For this task, output every entry below exactly and omit the pictures.
===== INFORMATION SHOWN =====
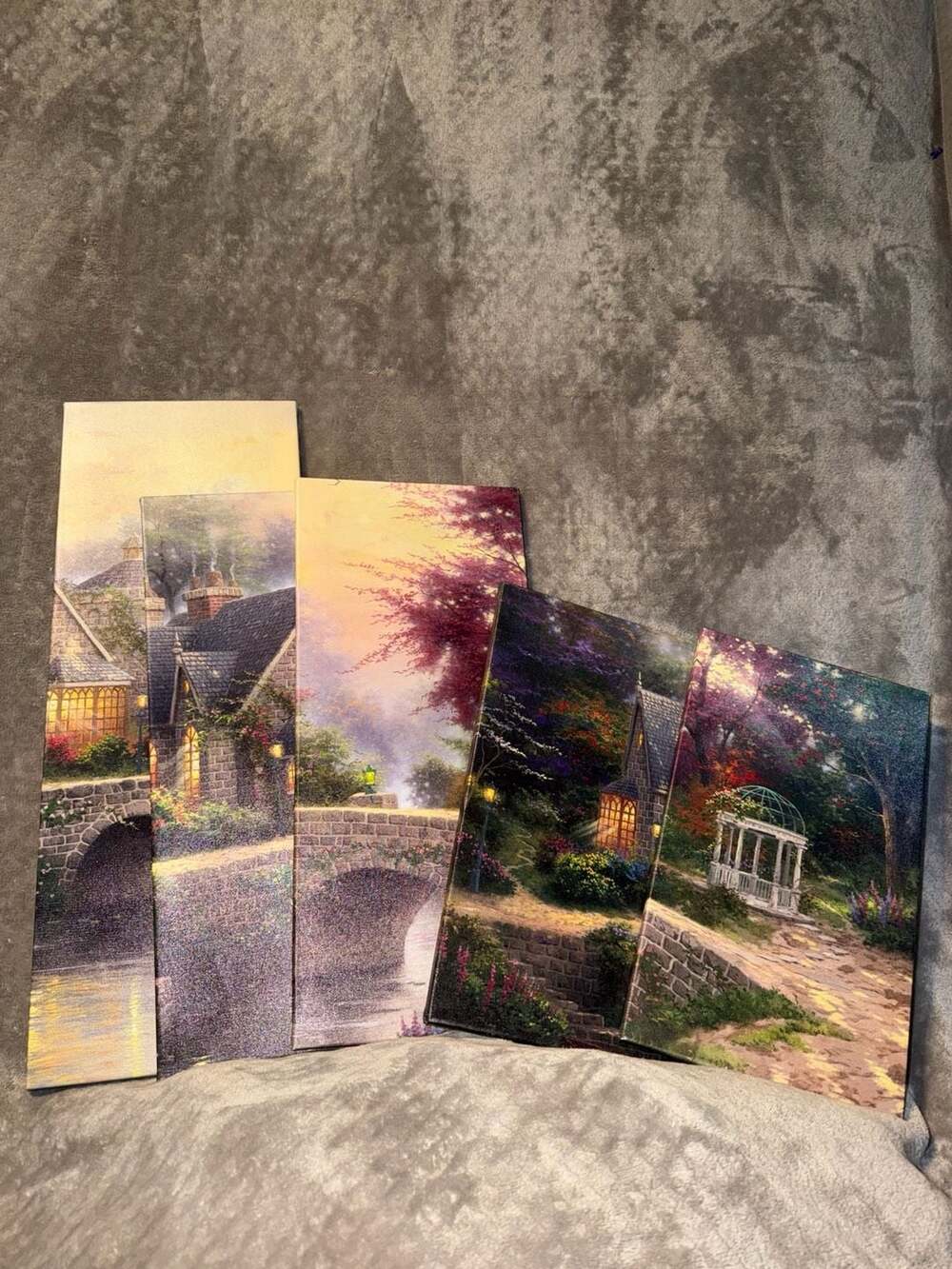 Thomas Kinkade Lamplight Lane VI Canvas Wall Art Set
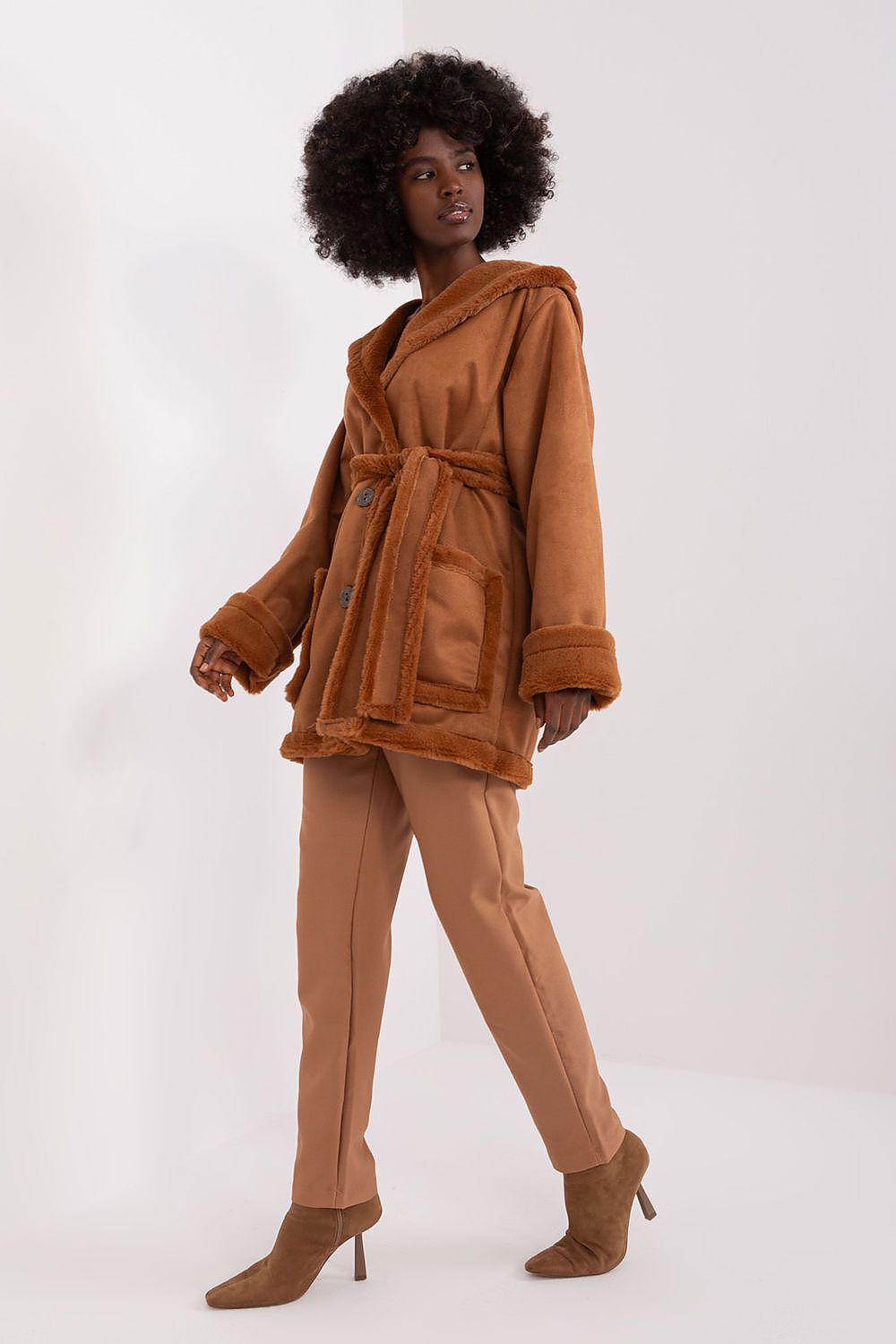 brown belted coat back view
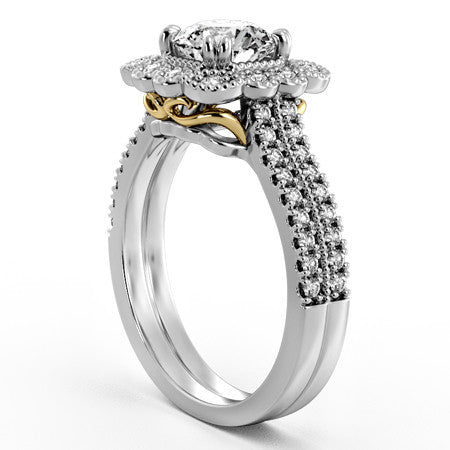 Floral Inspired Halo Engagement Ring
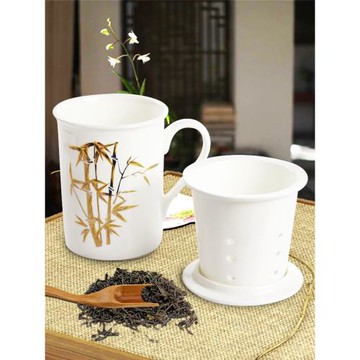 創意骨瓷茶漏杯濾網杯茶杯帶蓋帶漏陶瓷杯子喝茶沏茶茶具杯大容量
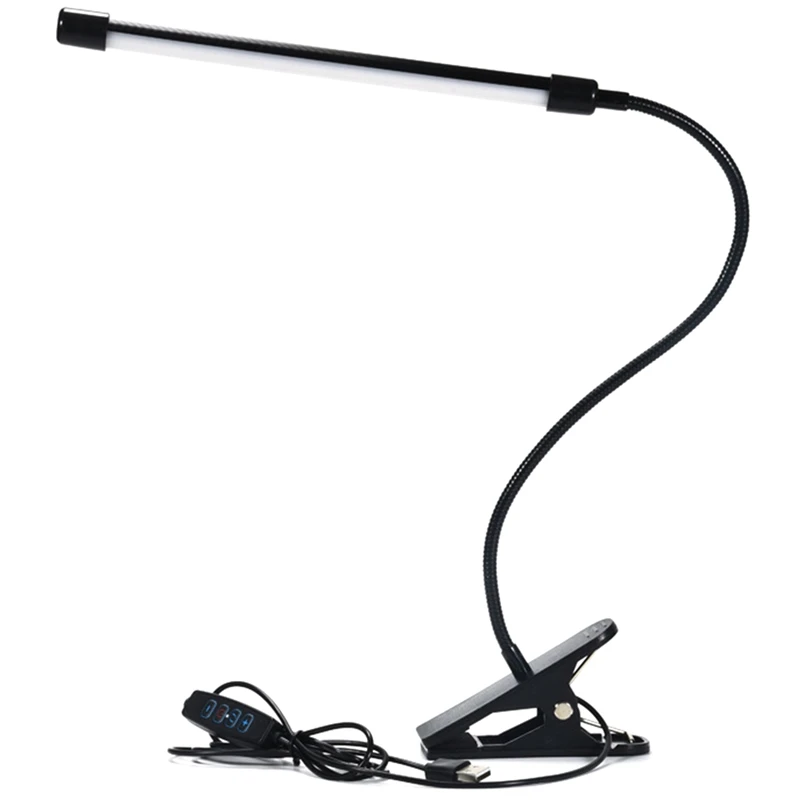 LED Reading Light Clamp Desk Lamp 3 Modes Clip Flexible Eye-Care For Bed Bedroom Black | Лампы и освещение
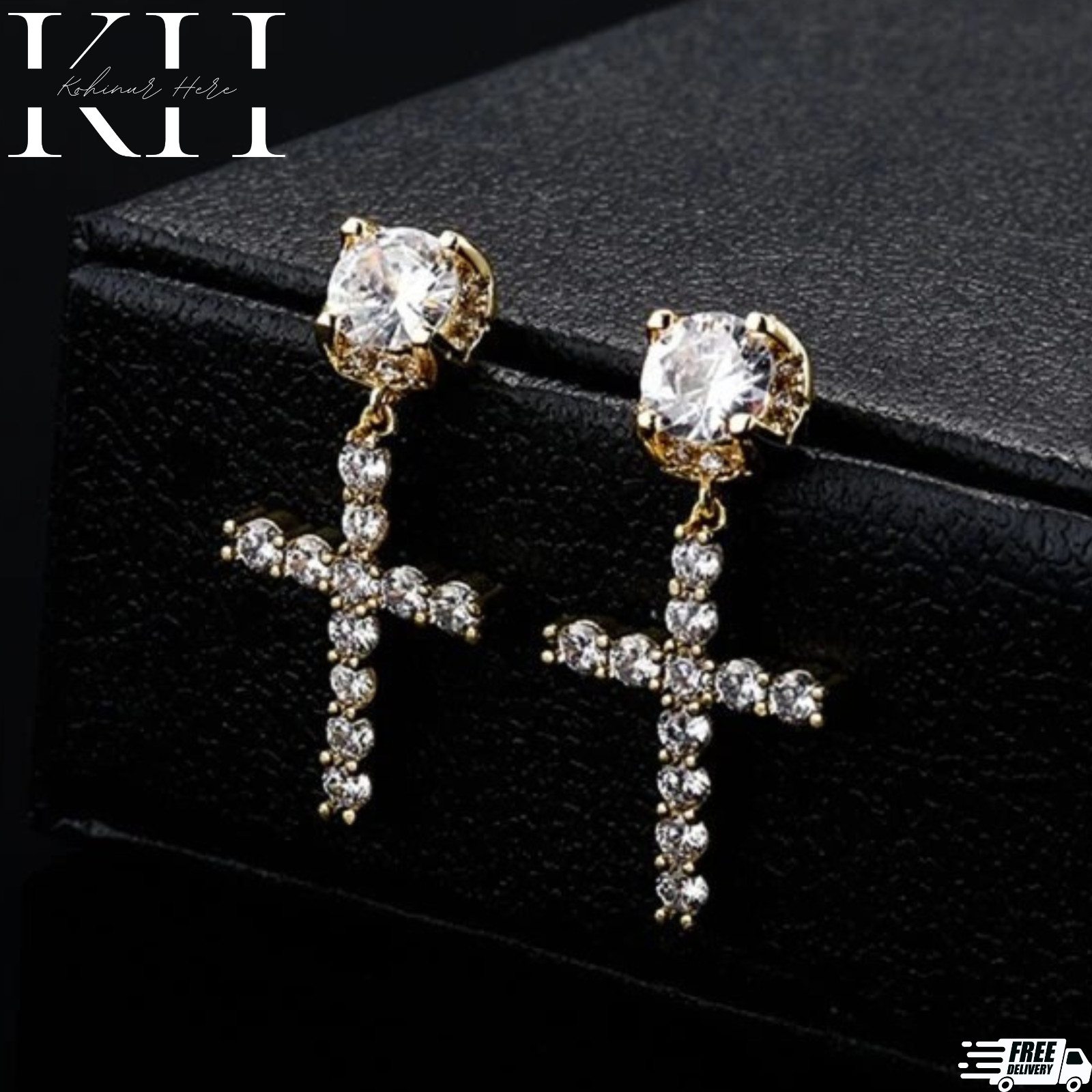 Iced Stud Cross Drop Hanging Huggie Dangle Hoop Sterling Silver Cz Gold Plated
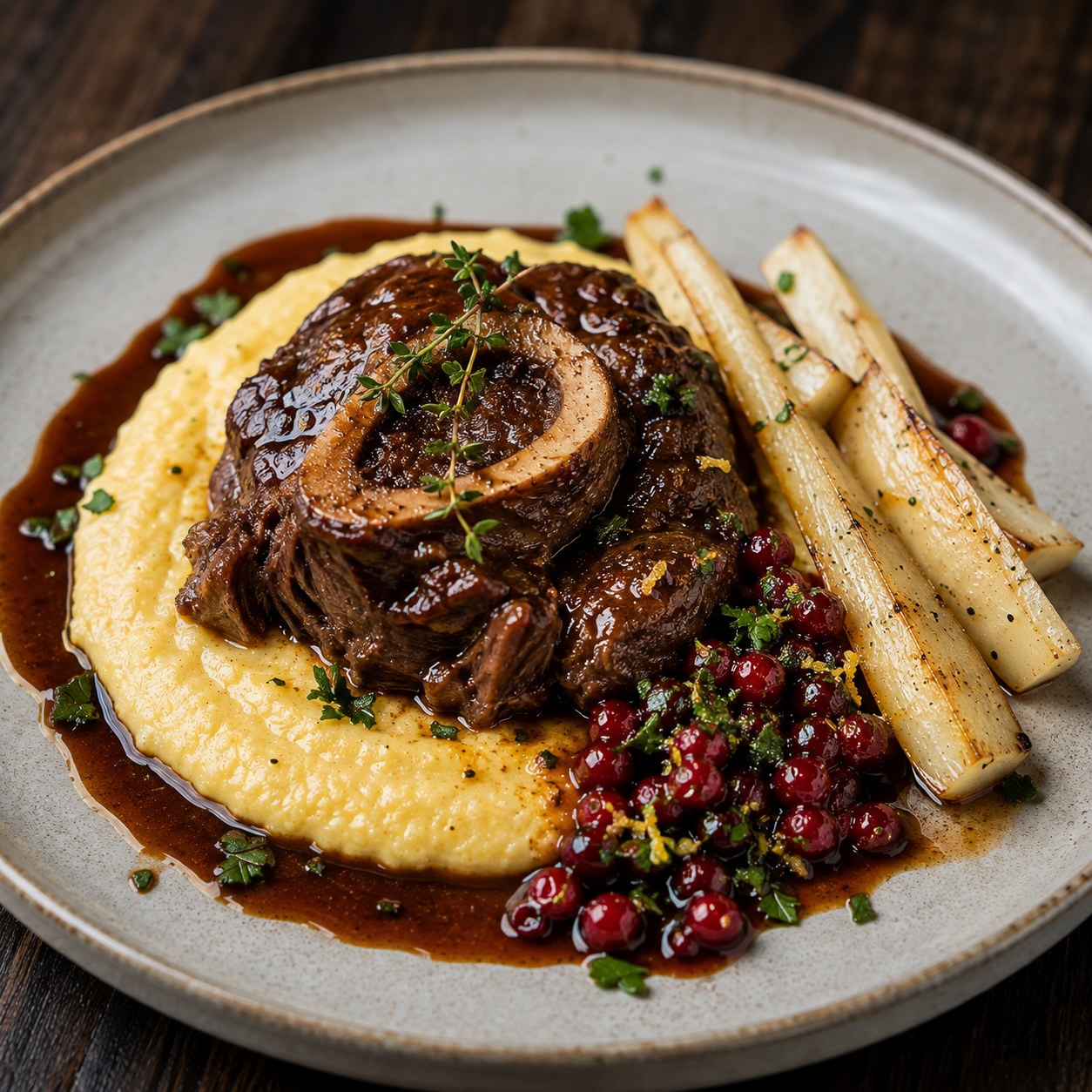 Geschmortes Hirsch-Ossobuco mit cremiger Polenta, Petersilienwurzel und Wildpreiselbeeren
=====
— SOLUTION TO THE PROBLEM —
 Thomas Kinkade Lamplight Lane VI Canvas Wall Art Set
 brown belted coat back view
 Floral Inspired Halo Engagement Ring
 創意骨瓷茶漏杯濾網杯茶杯帶蓋帶漏陶瓷杯子喝茶沏茶茶具杯大容量
 LED Reading Light Clamp Desk Lamp 3 Modes Clip Flexible Eye-Care For Bed Bedroom Black | Лампы и освещение
 Iced Stud Cross Drop Hanging Huggie Dangle Hoop Sterling Silver Cz Gold Plated
 Geschmortes Hirsch-Ossobuco mit cremiger Polenta, Petersilienwurzel und Wildpreiselbeeren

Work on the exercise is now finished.